See all of our COVID-19 coverage here.

  • The state of New Mexico crossed the 20,000 mark on Wednesday, with 632 deaths related to the disease. The state announced 352 confirmed cases of COVID-19 and six additional deaths. Read more here.
  • Only 42 percent of New Mexico hospitals are reporting the number of confirmed and suspected COVID-19 cases to the federal government, the Santa Fe New Mexican reported. The state did not say how this impacted the state’s monitoring of COVID-19 hospitalizations in the state.
  • New Mexico In Depth wrote about the secrecy for nursing homes in the state during COVID-19 and how it made it more difficult for families of loved ones who died of COVID-19.
  • KRQE-TV reported on how campaigns are dealing with COVID-19, but notes that the Republican Party of New Mexico continues to do door-to-door campaigning amid the pandemic.
  • Human Services Department Secretary Dr. David Scrase spoke to KRQE-TV about the COVID-19 testing process and why self-isolating for two weeks is important.
  • The number of COVID-19 cases are increasing at places of worship, KOAT-TV reported, citing state data, even while cases drop in other areas, like restaurants and grocery stores. Churches are capped at 25 percent of capacity currently as an attempt to slow the spread of the disease.
  • The court wants a court order to order four restaurants to stop serving customers after they lost their food service permits for serving customers indoors, the Farmington Daily Times reported.
  • Restaurants aren’t just using patios or sidewalks to serve customers; instead they are using tents and more, the Roswell Daily Record reported.
  • As the state looks to provide aid for local governments for COVID-19, one criteria could be on how local law enforcement has handled enforcing the state public health order, the Santa Fe New Mexican reported.
  • The city of Albuquerque said they 62 warnings and educated more than 1,000 people about the public health order in July.

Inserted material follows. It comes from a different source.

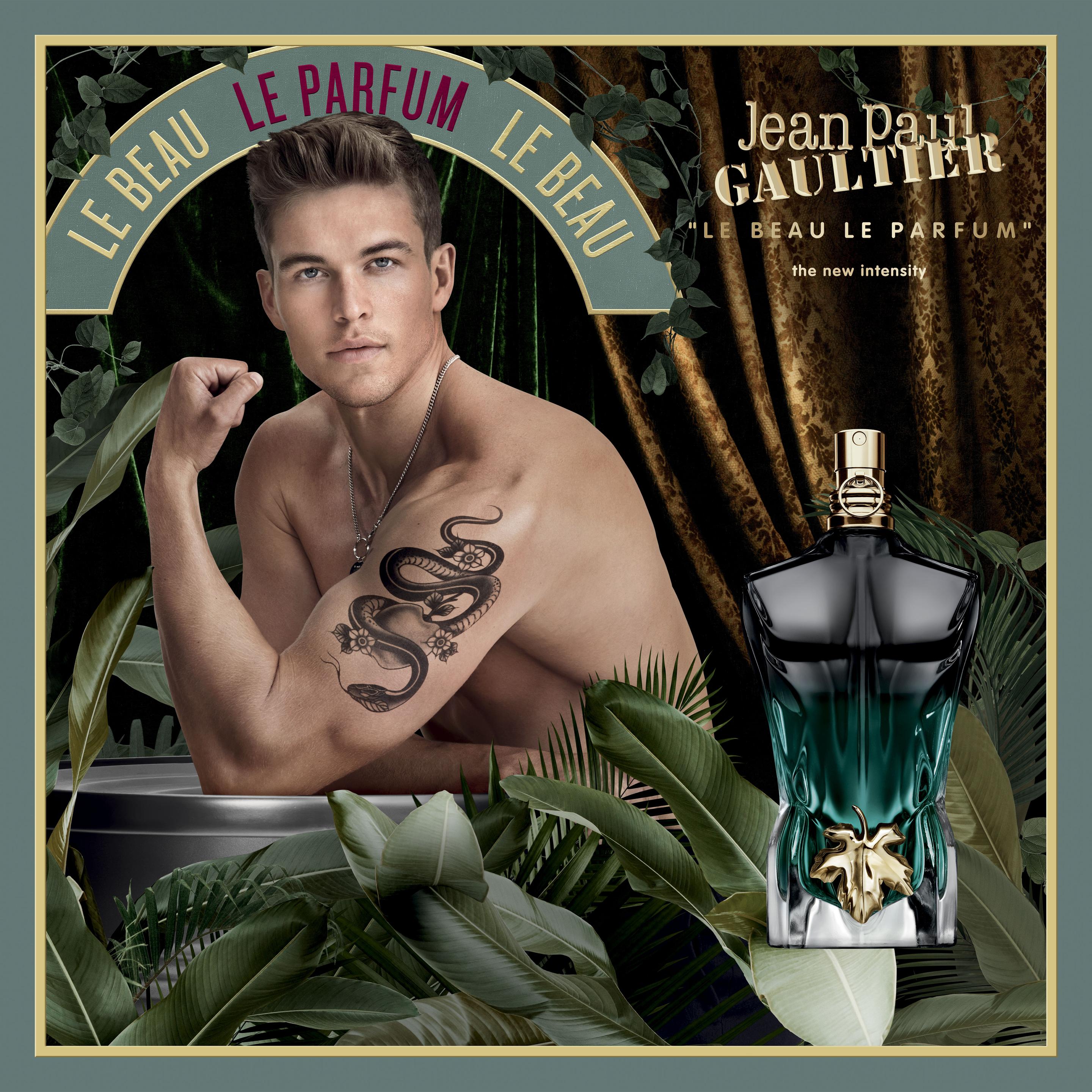 Produktbild Jean Paul Gaultier Le Beau Le Parfum Eau de Parfum 2 von 7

They have issued no citations, KRQE-TV reported.
  • The Navajo Nation Gaming Enterprise, which runs the four casinos on the Navajo Nation, is seeking funding from the CARES Act to help the hundreds of workers it laid off this week, with more to come, the Farmington Daily Times reported.
  • The Las Cruces Sun-News wrote about how the city of Las Cruces adjusted its summer Parks and Recreation youth program to stay open during the pandemic.
  • A meeting hosted by Camino Real Middle School featured a zoom bombing with explicit and racist content, the Las Cruces Sun-News reported.
  • State Sen. Craig Brandt said in an op-ed for the Rio Rancho Observer that the school should allow students to go back to school in person.
  • The One Albuquerque Fund is partnering to help raise school supplies for Albuquerque Public Schools students and teachers, which they say is more necessary than ever because of the pandemic, the Albuquerque Journal reported.
  • The Silver City Daily Press has photos of COVID-19 tests being administered in the area.